*** INPUT DATA Section Begins ***
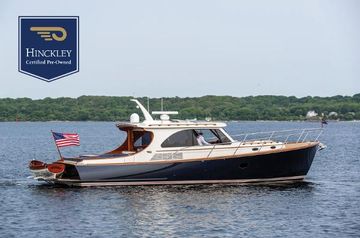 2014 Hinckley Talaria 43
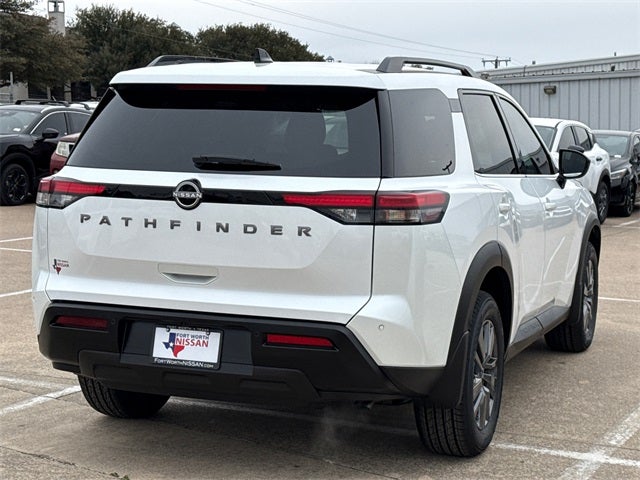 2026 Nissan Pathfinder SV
*** INPUT DATA Section Ends ***
*** INPUT DATA Section Begins ***
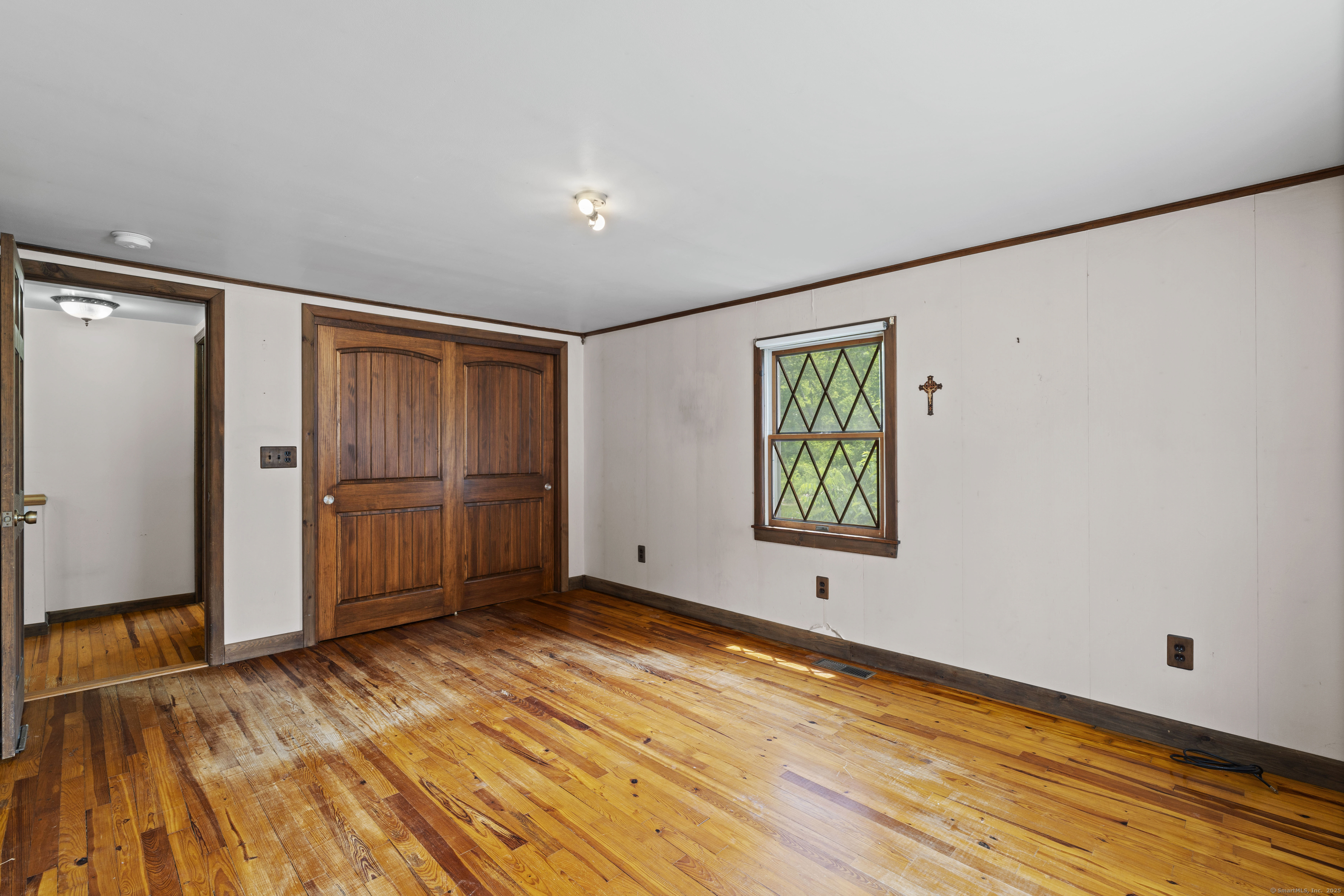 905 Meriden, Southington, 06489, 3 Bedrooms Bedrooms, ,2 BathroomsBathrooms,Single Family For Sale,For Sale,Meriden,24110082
*** INPUT DATA Section Ends ***
*** INPUT DATA Section Begins ***
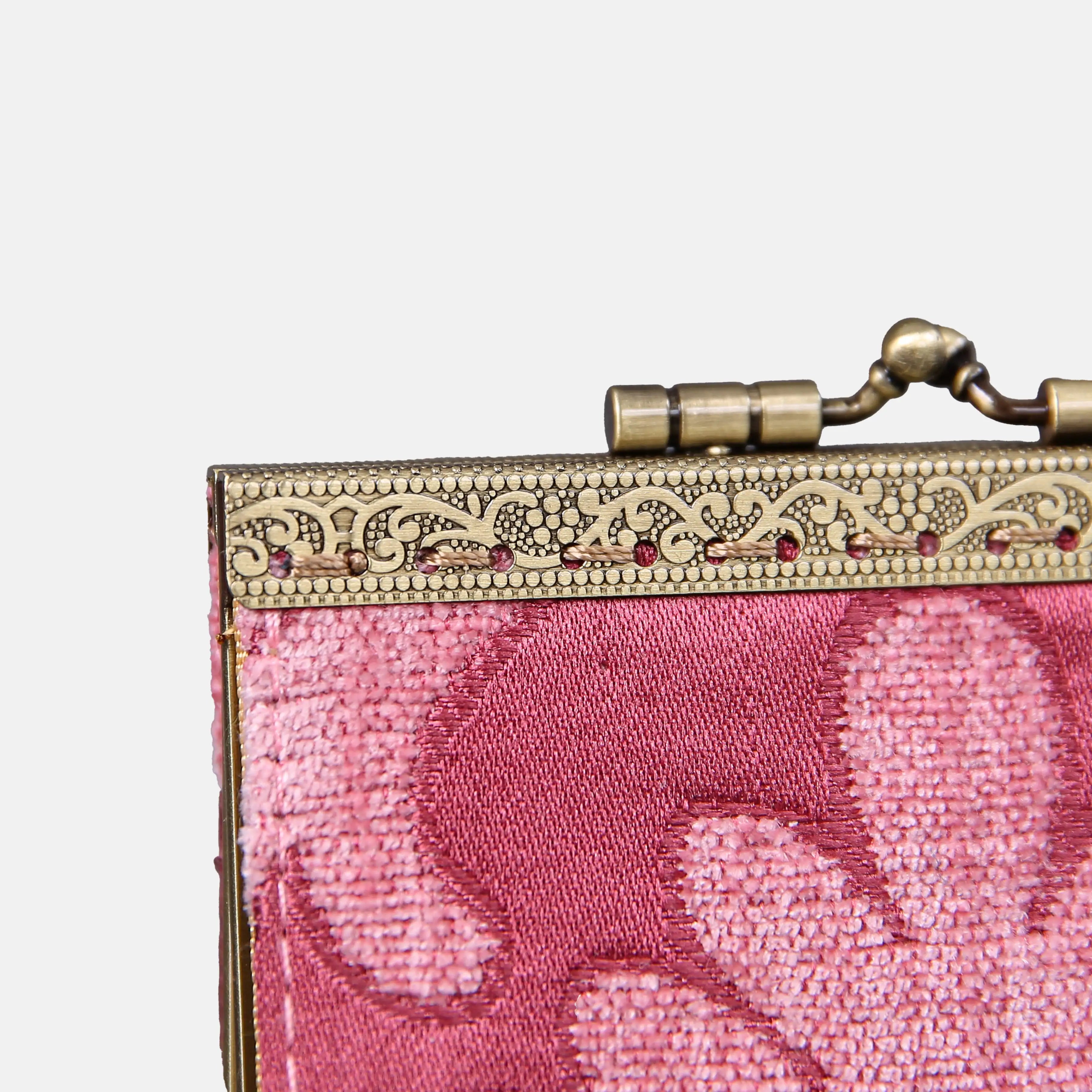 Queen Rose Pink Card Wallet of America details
*** INPUT DATA Section Ends ***
WHAT YOU NEED TO DO: Going by the data above, the answer is exactly the lines from the one holding "2014 Hinckley Talaria 43" to the one holding "2026 Nissan Pathfinder SV", both kept, with the pictures left out.

SOLUTION TO THIS EXERCISE:
 2014 Hinckley Talaria 43
 2026 Nissan Pathfinder SV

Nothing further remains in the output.